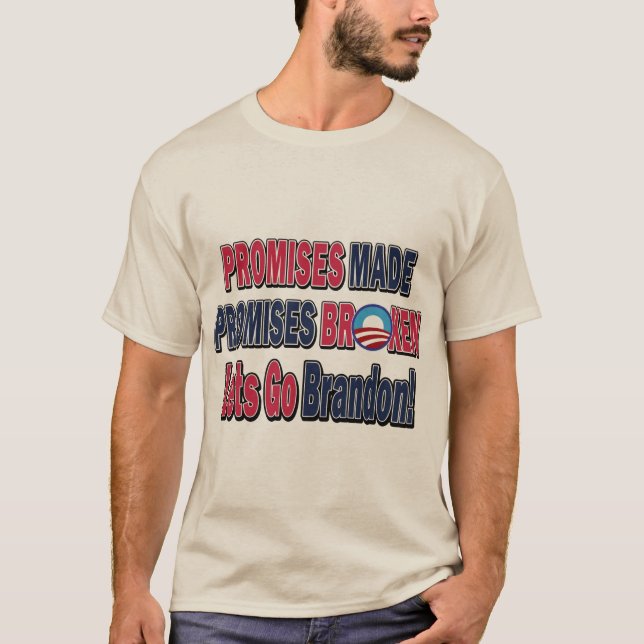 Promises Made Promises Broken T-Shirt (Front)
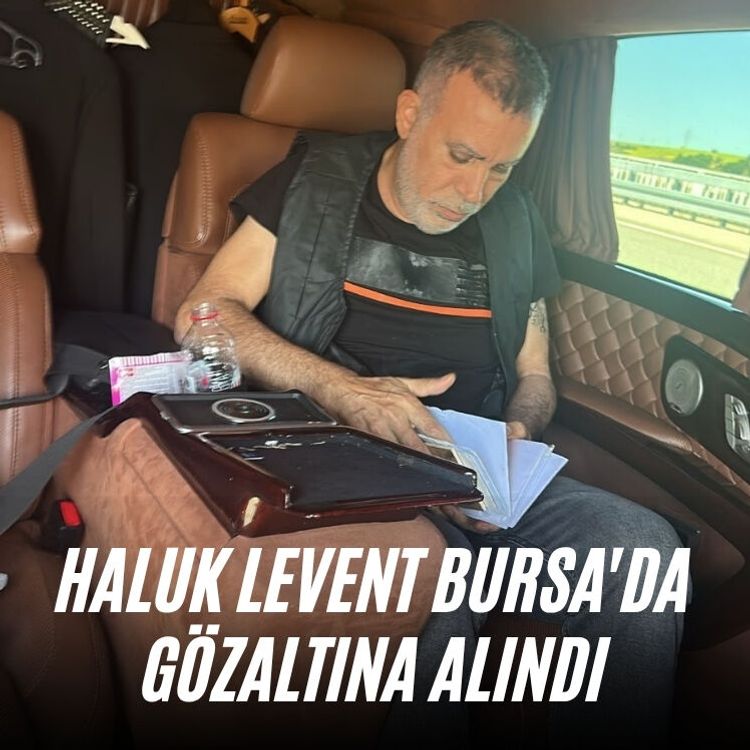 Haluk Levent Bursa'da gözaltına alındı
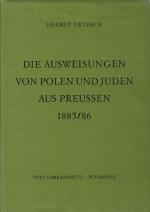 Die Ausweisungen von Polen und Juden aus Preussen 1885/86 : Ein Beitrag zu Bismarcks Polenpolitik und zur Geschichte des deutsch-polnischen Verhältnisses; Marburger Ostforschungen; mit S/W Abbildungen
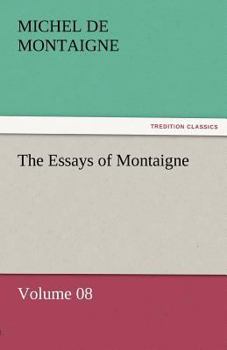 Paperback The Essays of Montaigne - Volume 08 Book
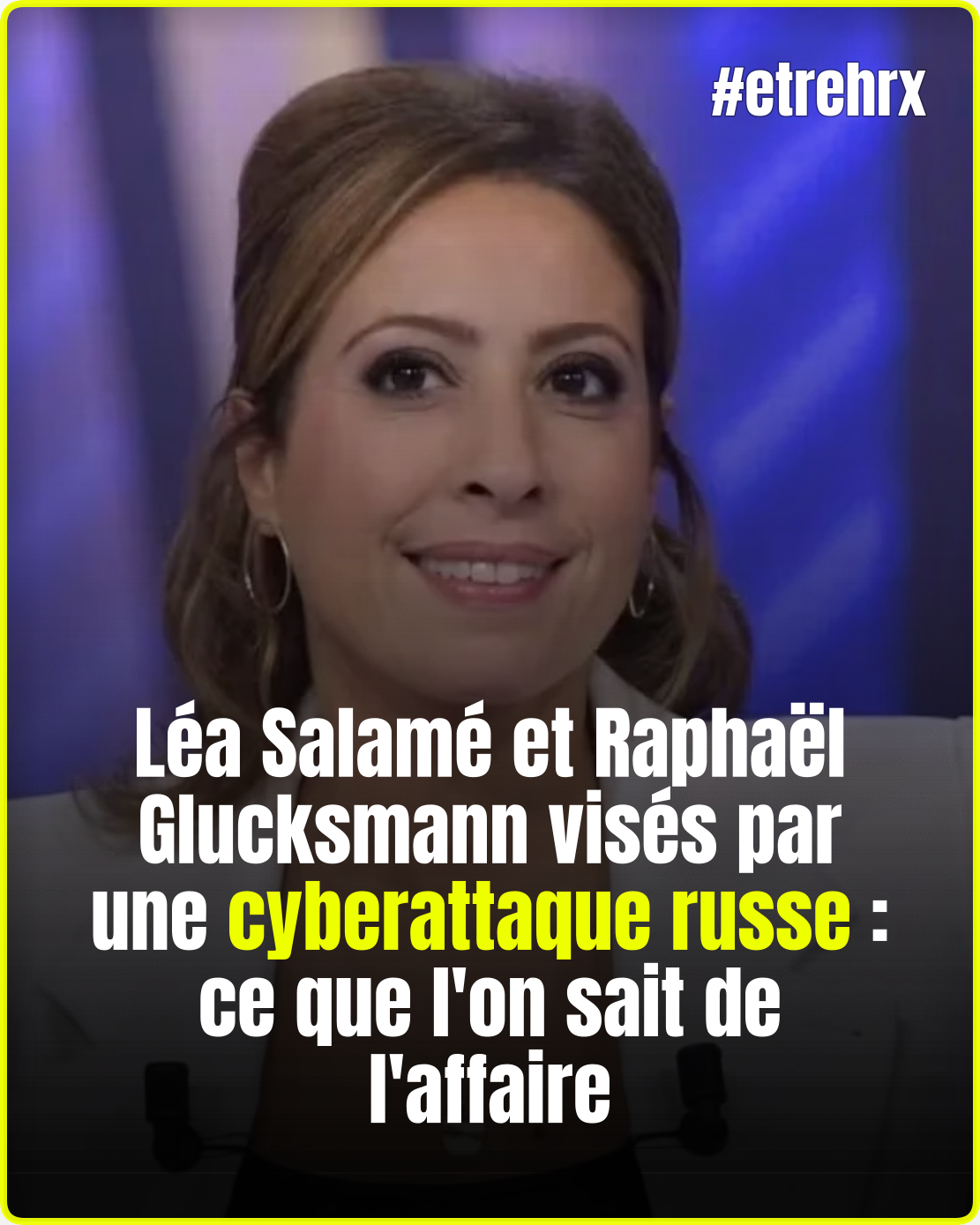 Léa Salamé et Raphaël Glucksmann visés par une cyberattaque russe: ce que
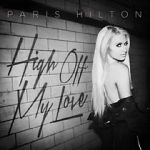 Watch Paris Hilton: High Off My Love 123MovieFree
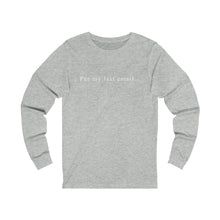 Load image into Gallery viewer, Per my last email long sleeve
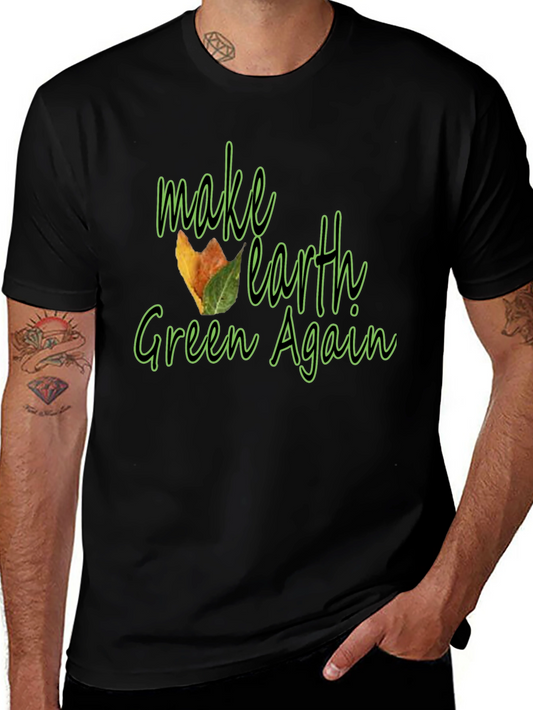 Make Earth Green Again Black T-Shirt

◆ ◆ ◆

### Task details
In the copy, include each line from the start of the material through the line with "Paperback The Essays", word for word, but none of the pictures.

### Reply to the task
 Promises Made Promises Broken T-Shirt (Front)
 Haluk Levent Bursa'da gözaltına alındı
 Die Ausweisungen von Polen und Juden aus Preussen 1885/86 : Ein Beitrag zu Bismarcks Polenpolitik und zur Geschichte des deutsch-polnischen Verhältnisses; Marburger Ostforschungen; mit S/W Abbildungen
 Paperback The Essays of Montaigne - Volume 08 Book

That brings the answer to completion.